Despite his pleading with the pension bureau about his infirmities, the septuagenarian bragged about making $11 haying and, more impressively, “I made $30 per day myself during harvest and put in 10 and 11 hours a day while others put in 8. I’m not an 8 hour man, not an I.W.W.” (The latter was a reference to the “International Workers of the World,” a radical labor organization which was promoting the eight hour day and sometimes through extralegal means.) Even public employees like teachers were experiencing extra dollars in their checks. “Edna and Pearl Price are both teaching at good salaries” in McKenna he wrote in 1917. “Workers never before got such wages.”
The cities were where the real economic action was. People started moving off the prairie to take defense industry jobs. “Tacoma and Seattle are booming.” Parenthetically he added, “[M]y two lots may be worth something yet!” Olympia shipyards, he reported, had contracted to build three ships at over a quarter of million dollars apiece. “Olympia is also forging ahead.” Men were leaving the farms and heading for the nearby mills or to war related industries. “The Dupont powder works is all up.” Just north of Yelm, across the county line in Pierce County “They are establishing the biggest post [Camp Lewis] in the United States.” According to J.C. the place was to be huge, 70,000 acres and an expected 66,000 men at arms. “So you see Tacoma will be booming soon.” He could not believe the country’s good fortune, “Oh, this is an age of progress. Workers never before got such wages. Democratic prosperity falling around in chunks for those that hustle,” he gushed. Times were so good he felt mildly guilty. Following a Thanksgiving with two turkeys on the table, probably in 1917, he reflected, “I’d rather they wouldn’t have gone to that expense when I think of the poor devils in Europe.”

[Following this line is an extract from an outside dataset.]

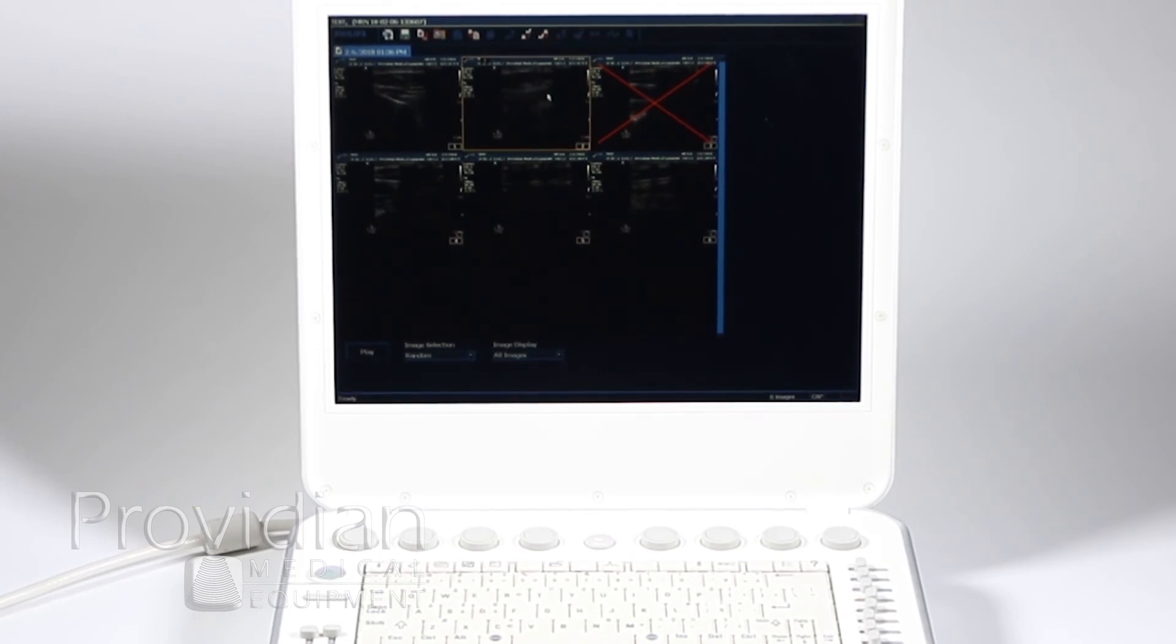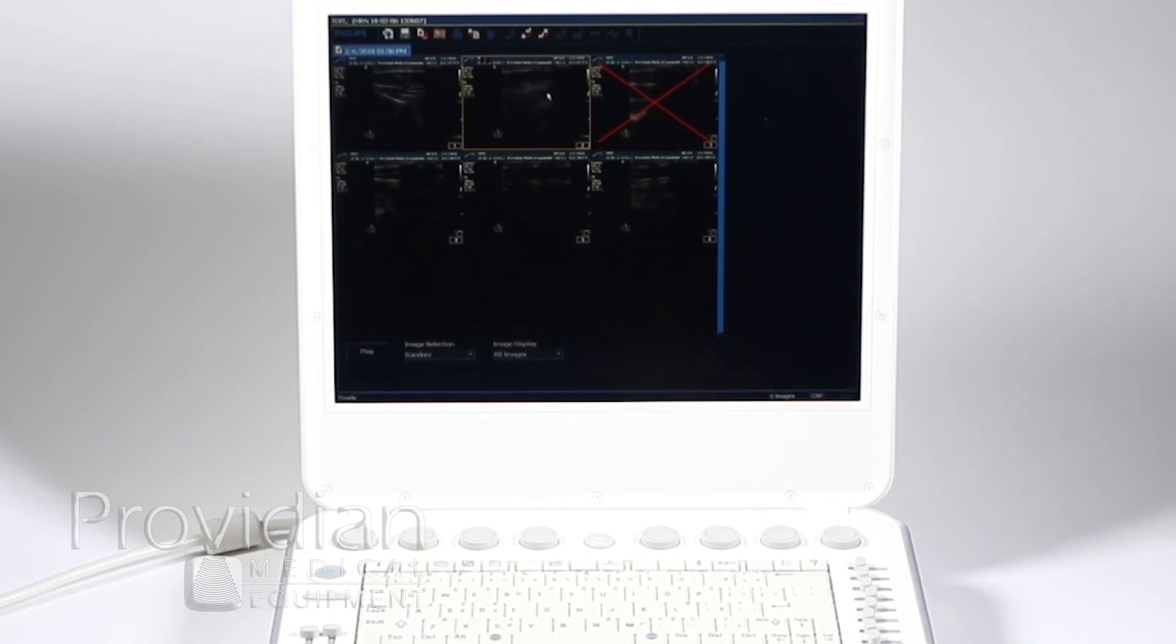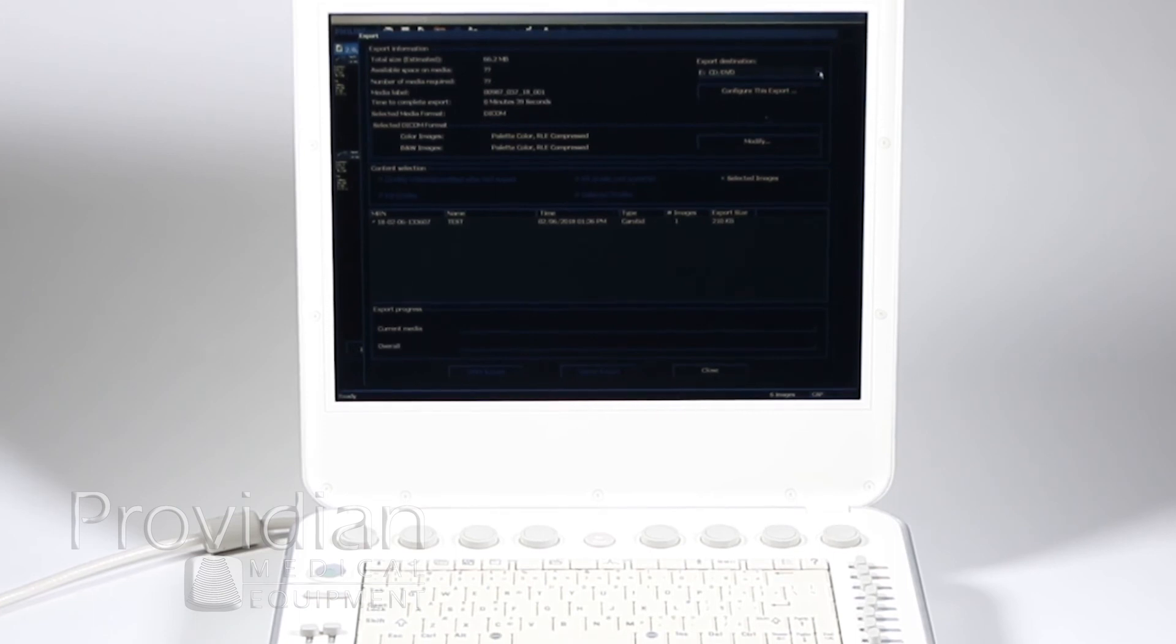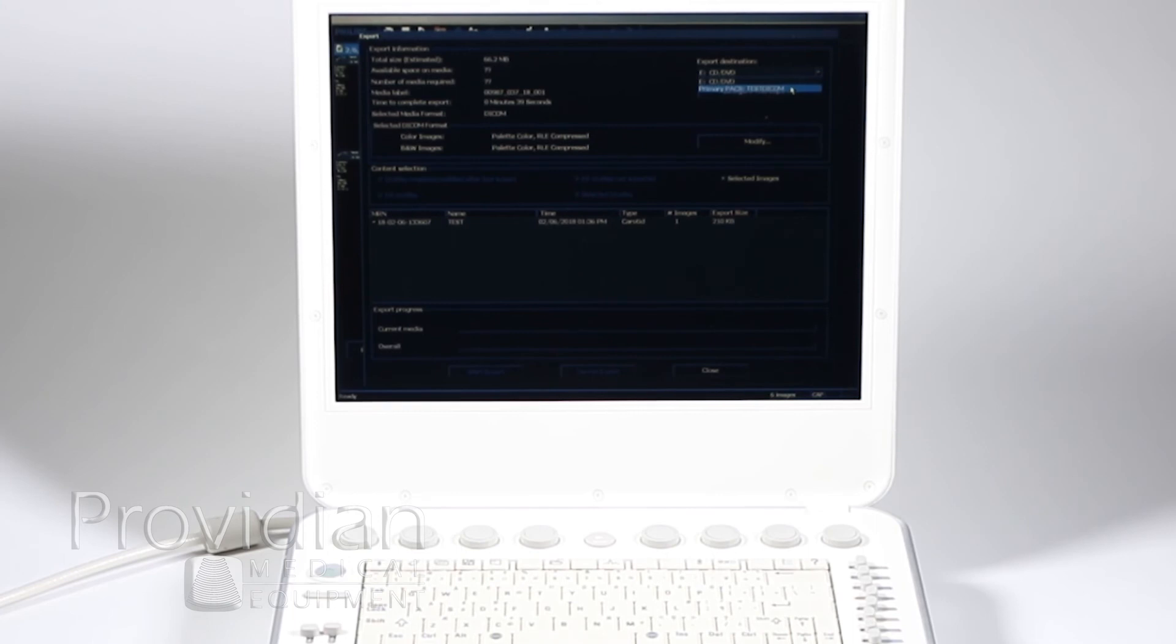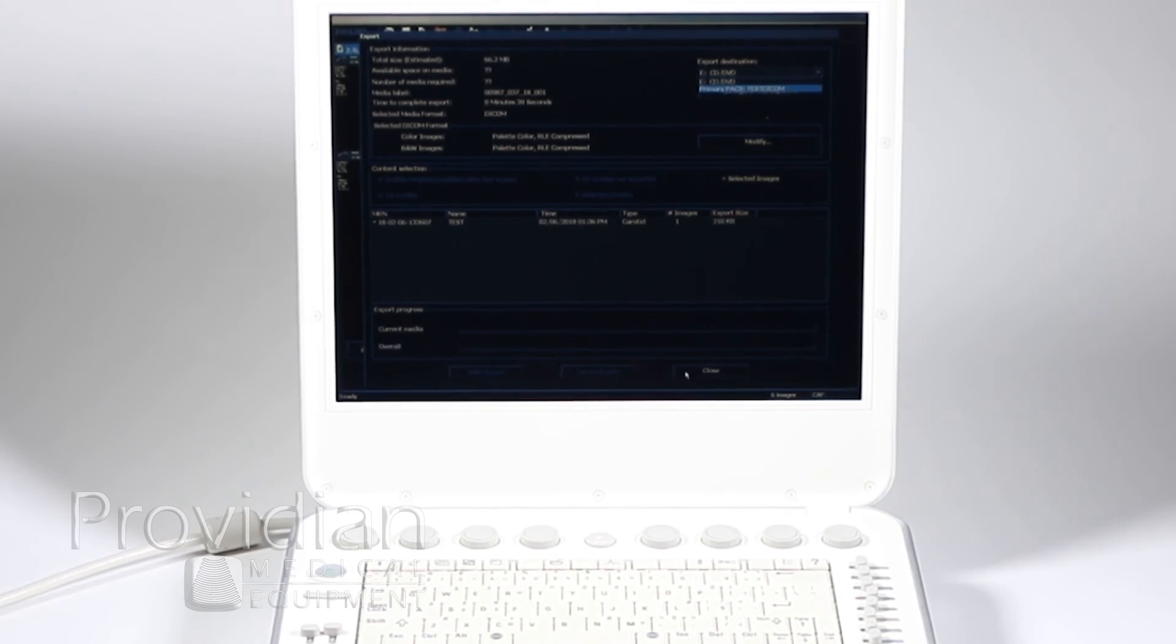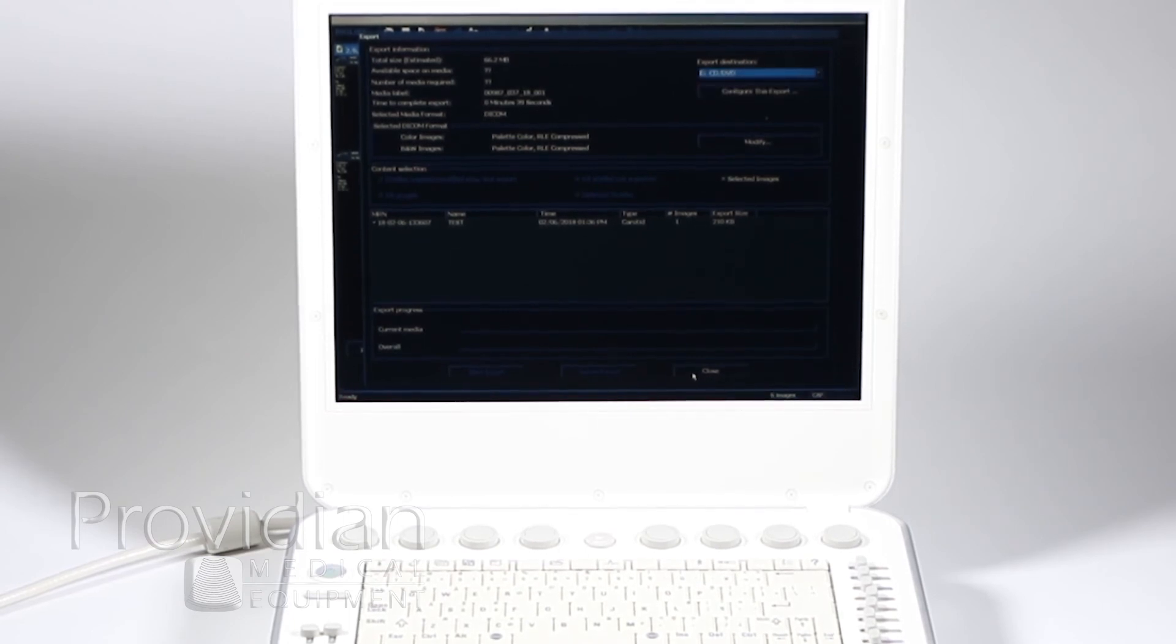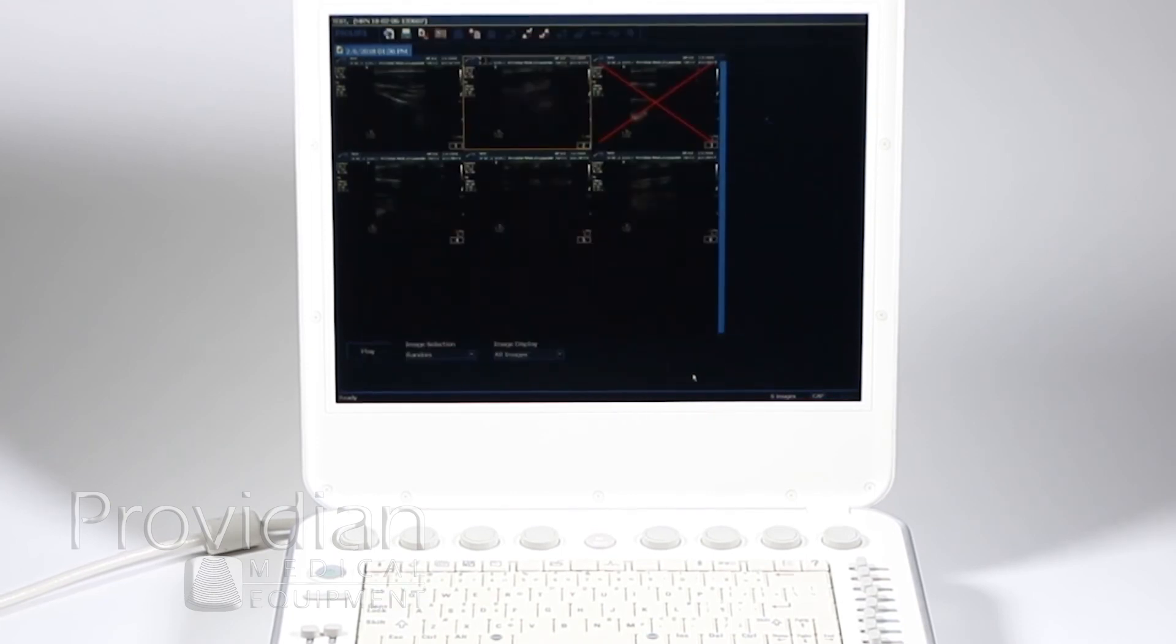And we'll get to image export later, but just real quick if you wanted to export it, you can click on that and you can choose—if there's a USB attached you could put it in there, or if you have a PAC system or DICOM set up, you can export to that as well. We'll get to that more later, but this is just another place where you can export that patient information.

The war ended in November 11, 1918. He hailed the results of the war as the final nails in the coffin of the “divine right of kings.” Like Woodrow Wilson J.C. believed that the spread of governments of, by, and for the people would make the world a more rational and a less dangerous place. In the election just. In the election before the armistice, however, the American public had rejected the Democrats and the Republicans had taken back the Congress.
The resulting peace was not what Wilson or J.C. had expected. Upheaval and revenge dominated the international scene. Arguments about expanding democratic virtue around the globe were shouted down by the voices of self-interest. In the U.S, within a few short years, farm prices fell dramatically, unemployment rose, repression of ideas increased, and the Republicans rode heightened discontent back into control of the presidency and the Congress in 1920.